I believe all the needed info are on the indexes and table definitions that can be seen on the query plan.
if anything else would help to get rid of that sort
just let me know, tomorrow I will post all the possible info.
解决方案
Your question is missing a lot of detail but I can reproduce something similar.
Setup
CREATE TABLE T1(X INT PRIMARY KEY, Y INT INDEX IX)
CREATE TABLE T2(X INT, Y INT , PRIMARY KEY(X, Y))
INSERT INTO T2
OUTPUT INSERTED.* INTO T1
SELECT TOP 1000000 ROW_NUMBER() OVER (ORDER BY @@SPID), ROW_NUMBER() OVER (ORDER BY @@SPID)

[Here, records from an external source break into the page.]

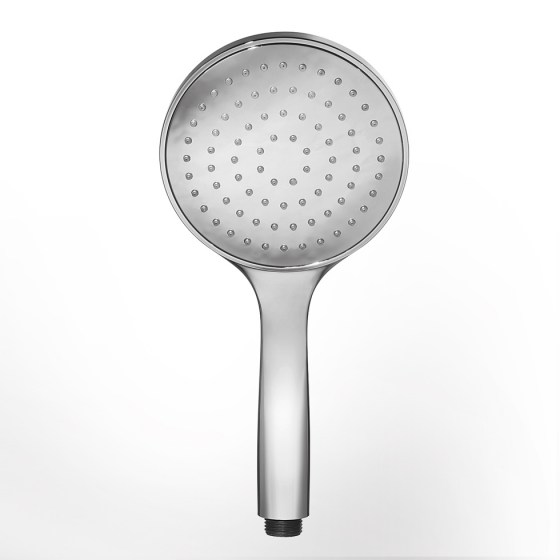 ΤΗΛΕΦΩΝΟ ΝΤΟΥΣ Φ13 εκ. EURORAMA Emotion E082043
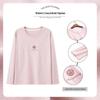 Roupas para usar em casa e dormir – Pijamas e conjuntos de roupa de dormir
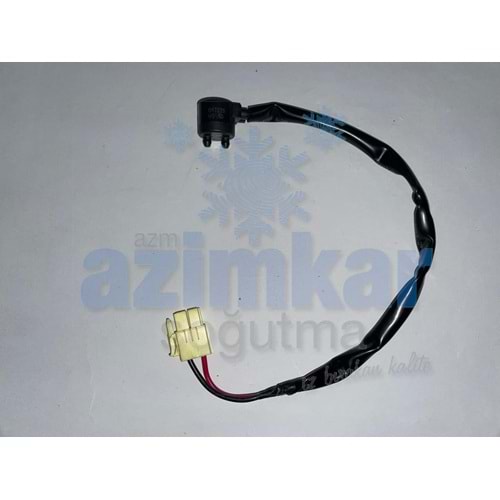 SAMSUNG DA47-00243K TERMAL DEVRE KESİCİ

FROM sys.all_objects o1, sys.all_objects o2;
Query 1
SELECT TOP 1 T1.Y AS T1Y, T2.Y AS T2Y
FROM T1 JOIN T2 ON T1.X = T2.X
ORDER BY T1.Y;
Query 2
SELECT TOP 1 T1.Y AS T1Y, T2.Y AS T2Y
FROM T1 JOIN T2 ON T1.X = T2.X
ORDER BY T1.Y, T2.Y
Query 3
WITH T AS
(
SELECT TOP 1 WITH TIES T1.Y AS T1Y, T2.Y AS T2Y
FROM T1 JOIN T2 ON T1.X = T2.X
ORDER BY T1.Y
)
SELECT TOP 1 *
FROM T
ORDER BY T2Y
Query 1 just picks off the TOP 1
from the index in the desired sort order and does the needed joins on the other table for that row. If the join is successful it stops there otherwise it tries the next one in index order until it finds a row that matches or runs out of rows.

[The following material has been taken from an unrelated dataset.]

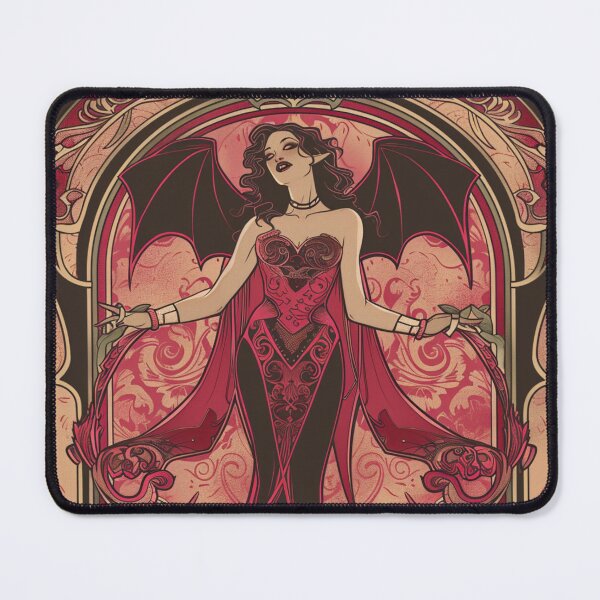 Item preview, Lillith Nouveau designed and sold by SupremeLameness.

Query 2 When adding the new sort column this plan is no longer valid as there could be multiple matches tied with the TOP 1
value and SQL Server decides to join the whole lot and then get the TOP 1
from that.
Query 3 This encourages SQL Server to stick with the first strategy and then just does a TOP 1 Sort
on any rows tied with the same value for the first sort key.

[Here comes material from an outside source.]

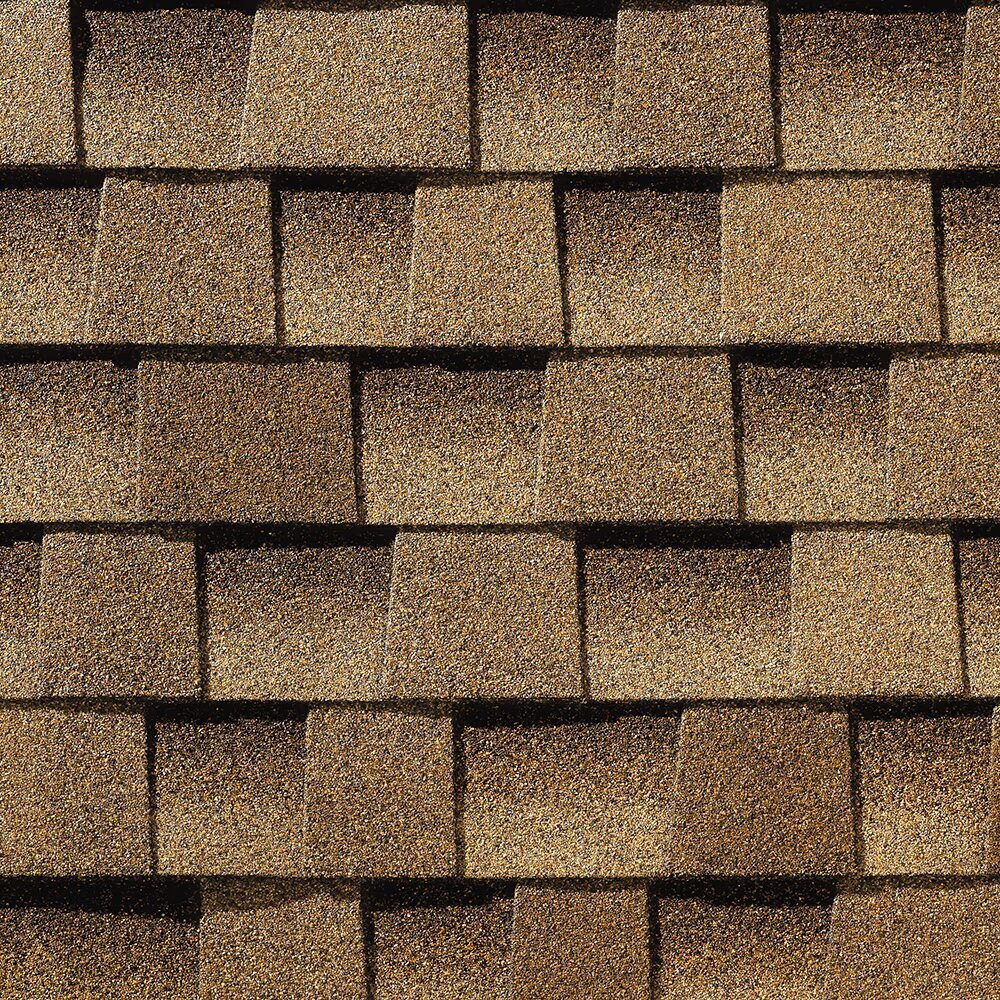 Threadgill's Roofing Images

For my example data Query 3 works out better than Query 2 but if you have many duplicates tied for the value of the first sort key your milage may differ.
You can try this rewrite and see how it fares
WITH T
AS (SELECT TOP 1 WITH TIES so.OrgType,
ch.Status,
rcs.DBSstatusDescription,
cid.ApplicationId,
ch.DateAdded AS chDateAdded
FROM tbl_application_crb_initialData cid
INNER JOIN tbl_season_organisationId so
ON cid.OrganisationId = so.OrgId
LEFT JOIN tbl_crbHistory ch
ON cid.ClientReference = ch.ClientReference
LEFT JOIN ref_crbStatus rcs
ON ch.Status = rcs.statusId
ORDER BY cid.DateAdded DESC)
SELECT TOP 1 OrgType,
Status,
DBSstatusDescription,
ApplicationId
FROM T
ORDER BY chDateAdded DESC